2019 Rhind Lecture 1: “1848: The Year of Revolutions, on Hadrian’s Wall as well as on the continent”
Professor David Breeze presents the first of the 2019 Rhind Lectures on Hadrian’s Wall.
“1848: The Year of Revolutions, on Hadrian’s Wall as well as on the continent” by Professor David Breeze
The Wall entered the modern era in 1848. John Hodgson had just persuasively argued that the Wall had indeed been built by Hadrian. John Clayton had undertaken his first excavation on the Wall and discovered a gate through it, thereby challenging existing perceptions of the relationship between Rome and her neighbours. John Collingwood Bruce undertook his tour of the Wall in 1848, led the first Pilgrimage in 1849, and published his first book in 1851,. The position of Bruce as ‘king of the Wall’ was established and he was to remain as such for the next forty years.

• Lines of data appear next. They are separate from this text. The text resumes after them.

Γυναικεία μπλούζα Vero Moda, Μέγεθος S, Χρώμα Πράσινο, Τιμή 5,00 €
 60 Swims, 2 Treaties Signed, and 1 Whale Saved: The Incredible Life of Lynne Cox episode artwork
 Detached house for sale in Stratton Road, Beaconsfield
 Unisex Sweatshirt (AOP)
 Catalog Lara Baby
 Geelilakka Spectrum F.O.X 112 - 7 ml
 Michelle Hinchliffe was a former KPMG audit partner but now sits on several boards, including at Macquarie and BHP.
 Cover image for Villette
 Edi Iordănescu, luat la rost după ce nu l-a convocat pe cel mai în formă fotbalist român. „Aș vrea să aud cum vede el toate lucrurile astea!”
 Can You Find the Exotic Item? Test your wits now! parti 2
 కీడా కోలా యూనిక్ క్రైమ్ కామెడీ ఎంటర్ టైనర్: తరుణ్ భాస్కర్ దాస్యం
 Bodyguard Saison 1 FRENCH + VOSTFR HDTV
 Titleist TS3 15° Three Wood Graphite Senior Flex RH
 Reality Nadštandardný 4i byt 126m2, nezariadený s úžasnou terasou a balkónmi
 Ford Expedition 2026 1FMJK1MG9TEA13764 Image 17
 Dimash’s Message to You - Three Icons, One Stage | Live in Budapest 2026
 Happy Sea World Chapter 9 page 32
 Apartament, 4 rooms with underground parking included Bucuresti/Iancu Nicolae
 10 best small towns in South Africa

The 2019 Rhind Lectures, entitled “Hadrian’s Wall: A Study in Archaeological Exploration and Interpretation” and presented by Professor David Breeze OBE, BA, PhD, Hon DLitt, FSA, Hon FSA Scot, FRSE, Hon CIfA. Recorded in the National Museums Scotland auditorium at 6pm on 10 May 2019 by Mallard Productions Ltd. Sponsored by AOC Archaeology Group.
The Lectures
Hadrian’s Wall was written about even when it was occupied. The Romans produced souvenirs of the Wall, medieval scribes placed it on maps, antiquarian visitors recorded the remains, scholars from the Renaissance onwards argued about its date and purpose, and early archaeologists uncovered its walls. The age of modern discoveries started in the 1830s and over the succeeding 150 years a very substantial archaeological dataset has been created. The addition of new material, combined with new approaches to archaeological investigation, ensures that interpretations constantly require review.
These Rhind lectures examine the ways that data has been created, and then to move on to examine specific aspects of Hadrian’s Wall in depth, in particular its purpose and operation over time and its effect on the local population. In the final lecture, we look at the Wall today and some aspects of its future.
The Lecturer
Professor David J Breeze OBE, BA, PhD, Hon DLitt, FSA, Hon FSA Scot, FRSE, Hon CIfA was President of the Society from 1987-90. He served as Chief Inspector of Ancient Monuments for Scotland from 1989 to 2005 and as Chairman of the International Congress of Roman Frontier Studies until 2015. He has excavated on both Hadrian’s Wall and the Antonine Wall and published books on both as well as on Roman frontiers generally and on the Roman army.